THE formation of the Moscow-Berlin Axis, followed by the conquest of Poland and the attack on Finland, has changed the balance of land power in Asia and of sea power in the Pacific. China's struggle for independence is now more than ever tied up with the fate of Europe, while at the same time the field in which she can manœuvre diplomatically has become even more restricted than hitherto. Though the Nazi-Soviet Pact has deprived Japan of a fickle friend in Hitler, it has at least immobilized two hated rivals, France and Britain. On the United States, too, the "diplomatic revolution" of August 1939 has imposed new hazards and heavy responsibilities.
But with the Chinese the question overshadowing all others is whether Stalin will sell them out. They are in deadly fear that Japan and Russia may yet get together to concoct a pact against them. From the consequences of such a pact the United States could not remain immune: a real Russo-Japanese alliance might well have the United States as its chief victim.

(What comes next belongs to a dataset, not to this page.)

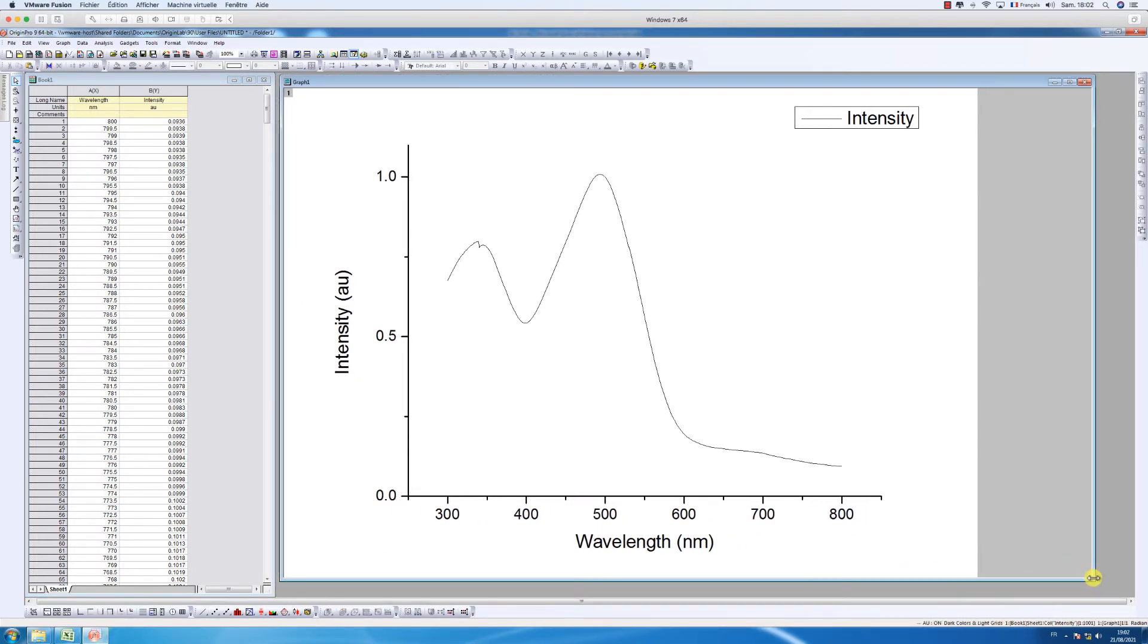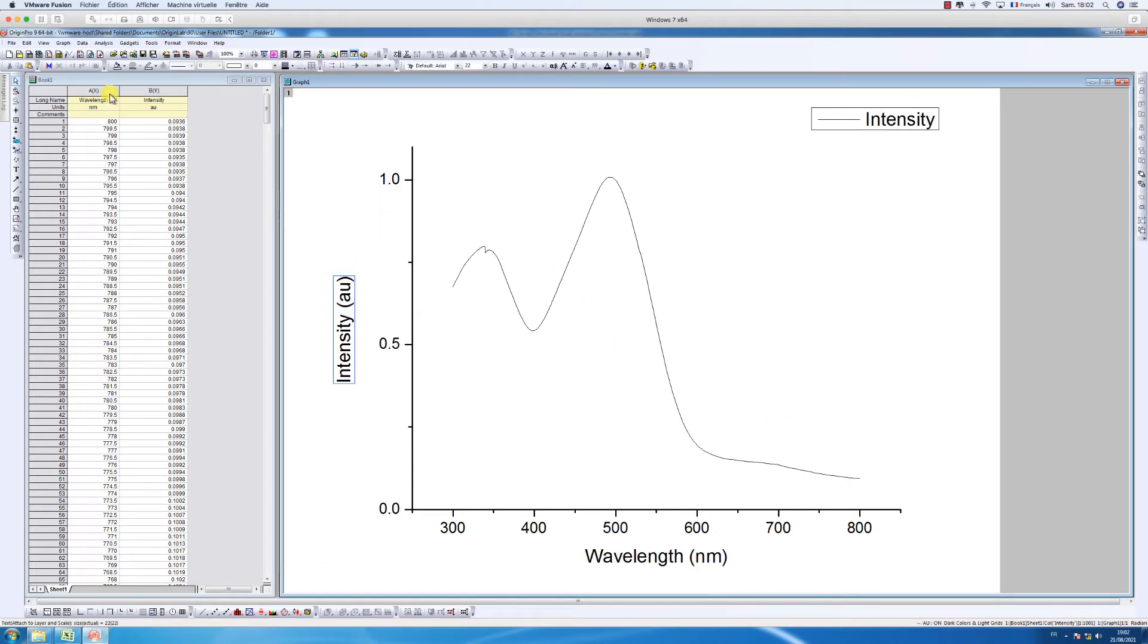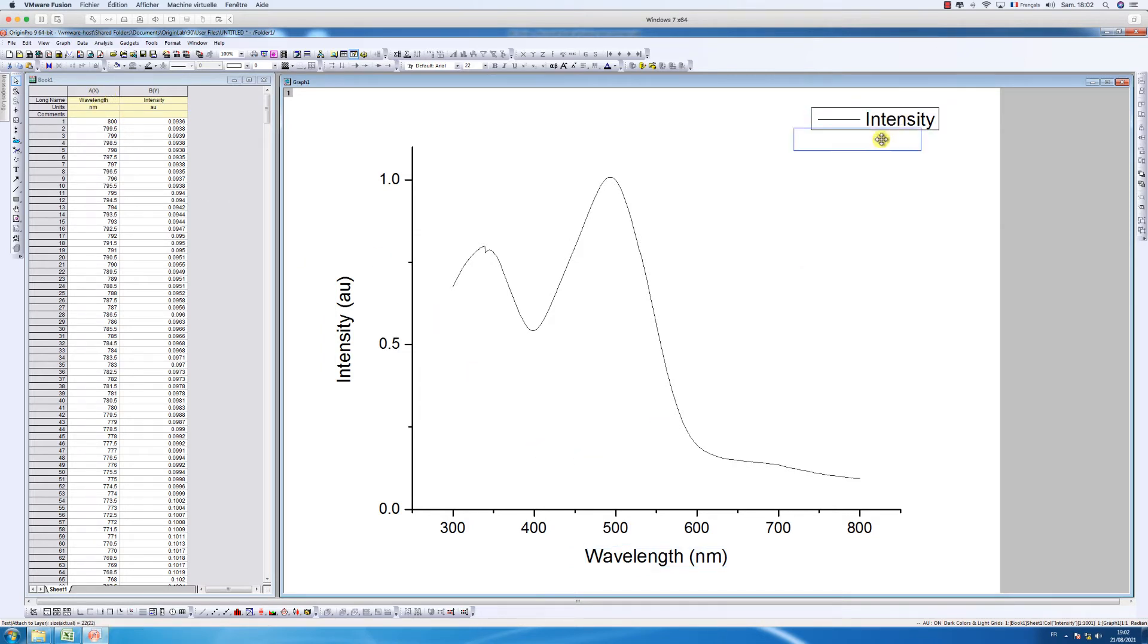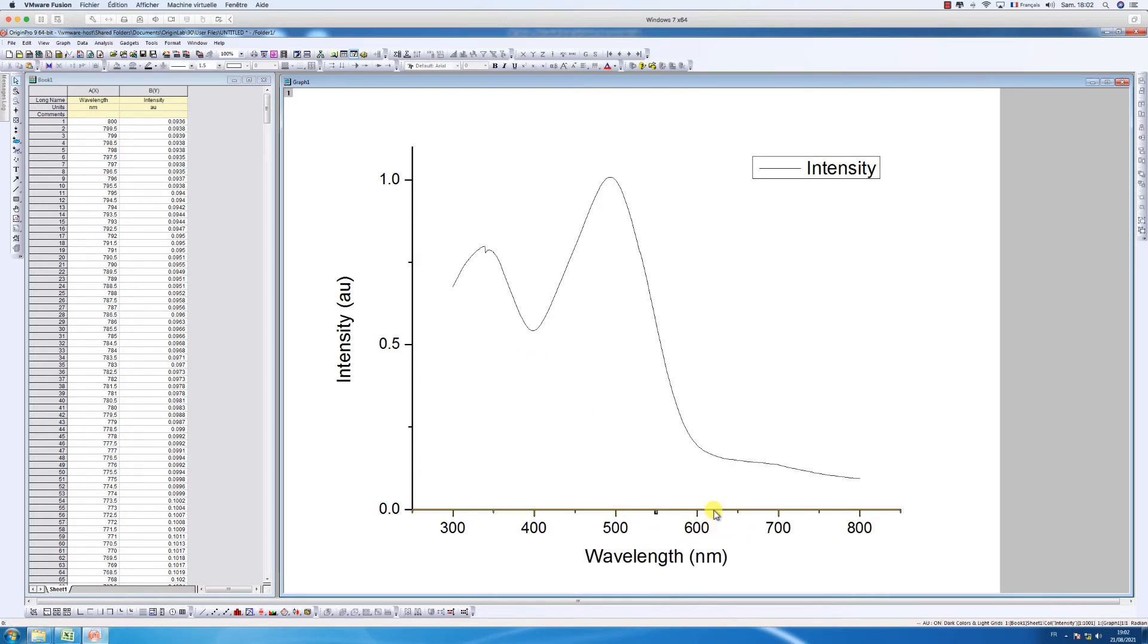And here we go. Here the graph, as you can see you automatically have the name of the x axis and the y axis. As you can see you can also enter them manually, but this way is the best one.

How far will Stalin go? Is there a limit to the new Commu-Nippon courtship, and if so, where? I have asked -- and been asked -- for the answers, from Sian to Hong Kong. Some hasty observers were gleeful when Japanese generals, the cuckolds of Nazi betrayal, ignominiously liquidated their anti-Comintern cabinet, and in temporary confusion restored to the civilian parties a faint voice in Japanese politics. But the generals, or rather Admiral Yonai, may have the last laugh.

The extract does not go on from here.